In this case, respondent North American Stainless terminated petitioner Eric Thompson shortly after the company learned that Thompson’s co-worker and then-fiancée (now wife), Miriam Regalado, had filed a gender discrimination complaint with the Equal Employment Opportunity Commission.  Both a federal district court and, later, the en banc Sixth Circuit dismissed Thompson’s lawsuit, holding that Title VII does not allow third-party retaliation claims.

Last week, the Court – with Justice Kagan recused – unanimously disagreed.  In an eight-page opinion by Justice Scalia, the Court held that (1) North American Stainless violated Title VII if it fired Thompson in retaliation for Regalado’s complaint; and (2) Title VII provides Thompson with a cause of action against his former employer. The Court’s decision is the latest in a series of unanimous or nearly unanimous opinions in favor of robust protections under Title VII’s anti-retaliation provision.

The Court had “no difficulty concluding” that third-party retaliation would be unlawful, given its previous decisions construing Title VII’s anti-retaliation provision to “cover a broad range” of employer misconduct.  “We think it obvious,” the Court explained, “that a reasonable worker might be dissuaded from engaging in protected activity if she knew that her fiancé would be fired.” Indeed, North American Stainless had conceded as much in its briefing and oral arguments, insisting instead that allowing third-party retaliation claims at all would throw open the doors to suits based on far more frivolous relationships.  But the Court on Monday declined to delineate a “fixed class of relationships” entitled to protection, noting only that an employer which retaliates against close family members will “almost always” chill employees’ Title VII rights, while an employer which retaliates against mere acquaintances might not.

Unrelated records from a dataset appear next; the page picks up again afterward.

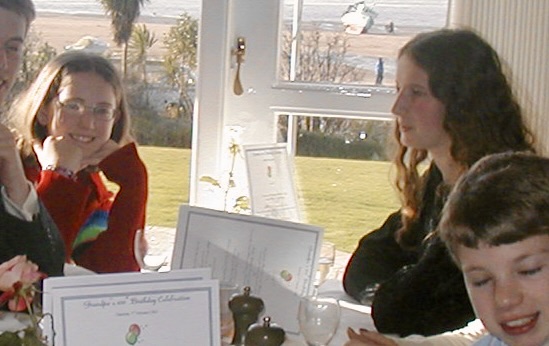 a group of people sitting around a table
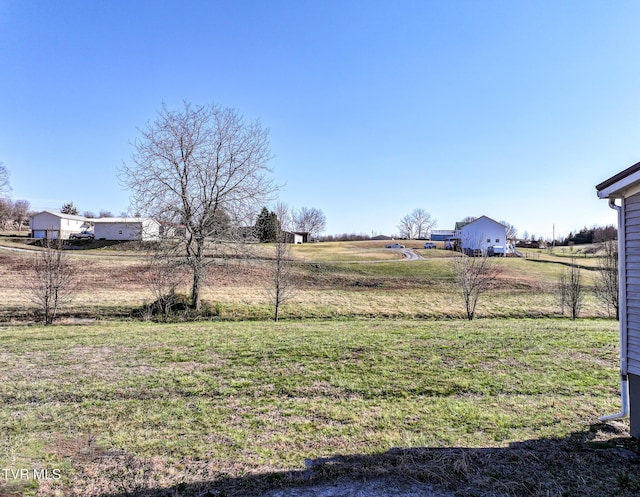 view of yard with a rural view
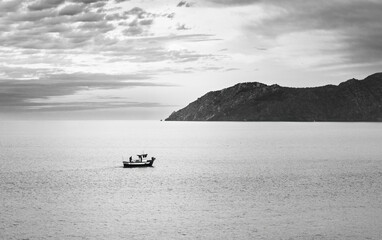 Solitary Fishing Boat at Dusk Near Coastal Mountain, Catalonia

The Court acknowledged that the question whether Thompson himself (as opposed to Regalado on his behalf) could bring suit against North American Stainless was “more difficult”:  Title VII provides for civil actions brought by “the person claiming to be aggrieved.”  Pointing to Trafficante v. Metropolitan Life Ins. Co., which interpreted an analogous provision of the Fair Housing Act and relied in
part on a Third Circuit case that defined Title VII’s “aggrieved person” provision to the full limit of Article III, Thompson had argued that this language allows any person with standing under Article III of the Constitution to sue.  North American had countered that the phrase “person aggrieved” is a term of art particular to Title VII and in this context refers only to an employee who engages in protected activity.

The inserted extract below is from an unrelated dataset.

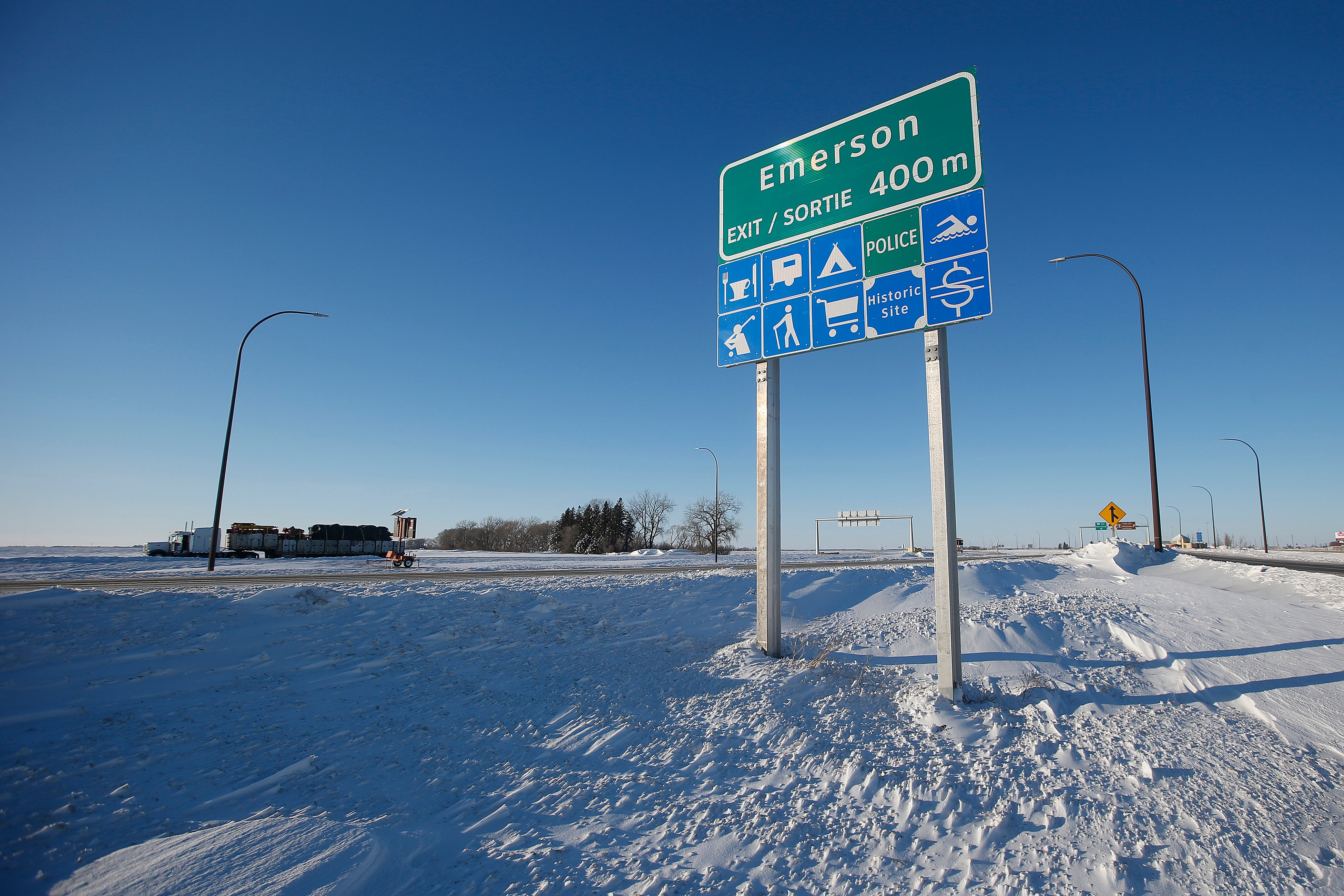 Road signage is posted just outside of Emerson, Manitoba on Thursday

The Court found both positions extreme: the reading advanced by the company was “artificially narrow,” but Thompson’s position would encompass even – for example – a shareholder harmed because a company discriminatorily fired a high-performing employee. But during oral argument, several justices had struggled to find a middle ground with support in the text of Title VII.  Ultimately, the Court relied on what it described as the “common usage of the term ‘aggrieved person,’” borrowed from the Administrative Procedure Act.

Under the Court’s new “zone of interest” test, “any plaintiff with an interest arguably sought to be protected” by Title VII may bring suit under the statute.  However, a plaintiff “who might be technically injured in an Article III sense but whose interests are unrelated to the statutory prohibitions in Title VII” – for example, a stockholder – may not.

Justice Ginsburg filed a separate one-paragraph concurring opinion that was joined by Justice Breyer.  In it, she noted that the Court’s opinion accorded with the “long-standing views of the Equal Employment Commission (EEOC),” the agency tasked with enforcing Title VII, and was consistent with interpretations of the National Labor Relations Act.  Moreover, she emphasized, deference to the EEOC’s construction of Title VII was warranted under Skidmore v. Swift & Co.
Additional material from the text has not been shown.